Abstract
Background: The phase-separated structure of a three-component system in a bulkheterojunction solar cell could be controlled by using a p-type semiconducting polymer/titanium alkoxide/fullerene derivative as the carrier management layer.
Methods: Addition of the adequate amount of fullerene derivative as the phase separation assistant material in the photoactive layer resulted in a higher short-circuit current density (Jsc) as compared to that in the conventional two-component bulk-heterojunction solar cell.

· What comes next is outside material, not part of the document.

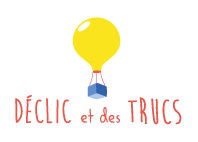Déclic et des Trucs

The three-component carrier management layer containing the fullerene derivative as the phase separation assistant material contributed to the formation of many p/n interfaces and a continuous phase-separated structure for the charge separation and charge transfer, as revealed by scanning electron microscopy observations.
Results: Moreover, we report about short-term air stability of the solar cells.
Conclusion: A stability test performed after 30 days indicated that the performance of the threecomponent system was equivalent to that of the conventional two-component system, which used a fullerene derivative as the electron acceptor, although the number of interfaces between different species was larger in the former.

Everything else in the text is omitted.